If the decision of our appellate court in the Kress case, supra, that keyrings are not like any of the exemplars named in paragraph 1527 (c) (2) be considered to be matter of law, the instant keyrings must be excluded from classification under the paragraph. If, however, the decision on that ground be considered to be matter of fact, then, the instant keyrings must be tested by the principle laid down in the case of Gallagher & Ascher et al. v. United States, 6 Ct. Cust.
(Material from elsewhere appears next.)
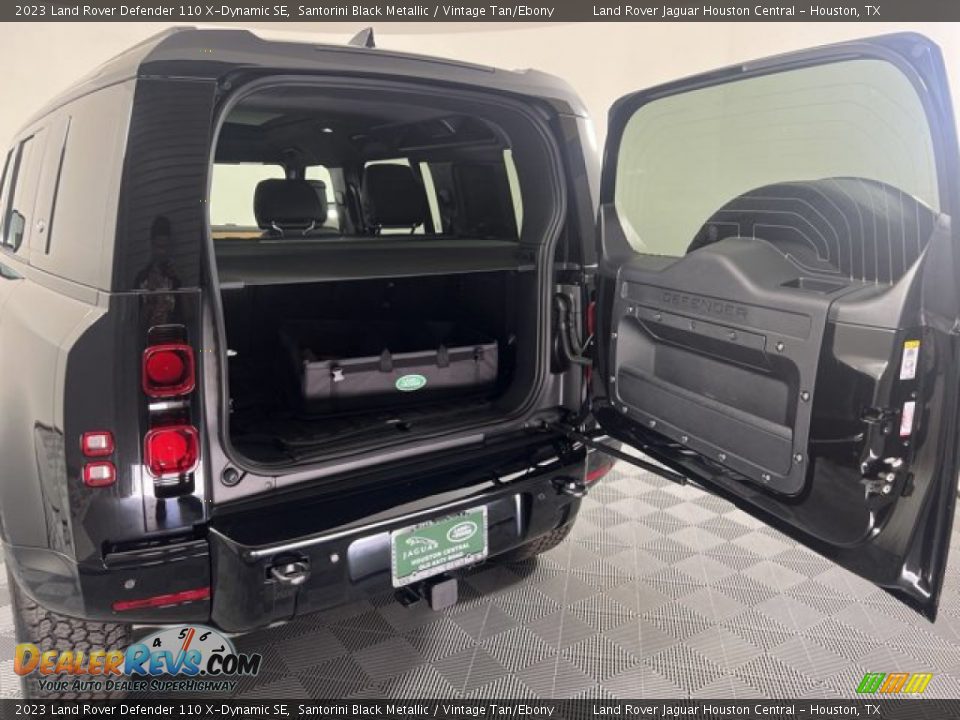 2023 Land Rover Defender 110 X-Dynamic SE Santorini Black Metallic / Vintage Tan/Ebony Photo #25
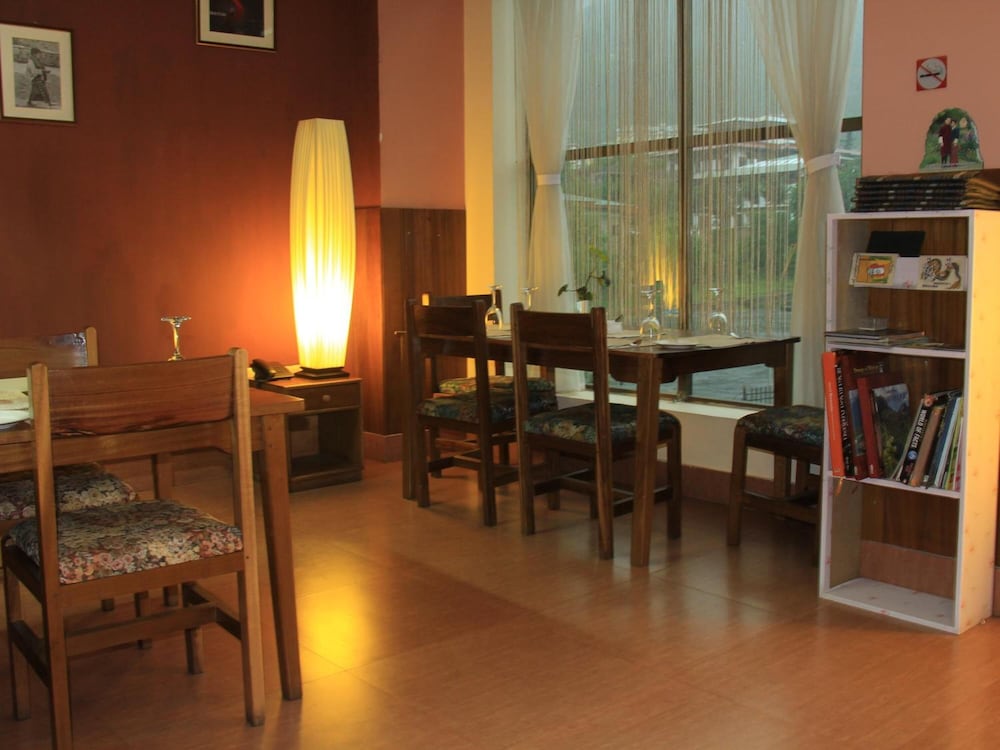 Фото Khamsum Inn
Appls. 105, T. D. 35343, that the named exemplars have in common the characteristic of being “incidental articles of mere personal comfort, convenience, or adornment.”

It is clear from their use that the articles at bar serve no purpose of adornment, that is to say, in their carnage about the person, they are concealed in the pocket or handbag and do not adorn either the apparel or the person of the carrier, as would the buckles, buttons, ornaments, etc., provided for. Nor do they afford comfort to the carrier, as do the cigar and cigarette holders, etc., named as exemplars. If they are within the paragraph at all, it would be because of the fact that they are incidental articles of mere personal convenience. But the convenience they offer to the carrier is not connected with any design of carriage on or about the person. The convenience is in retaining or holding keys together, a purpose which is served at all times and in all places, and not merely when carried on or about the person. For these reasons, we believe the involved keyrings are not within the purview of paragraph 1527 (c) (2), supra, and, it having been established that they are within the designation by composition contained in paragraph 397, supra, the protest claim in each case for classification thereunder will be sustained.

Judgment will issue accordingly.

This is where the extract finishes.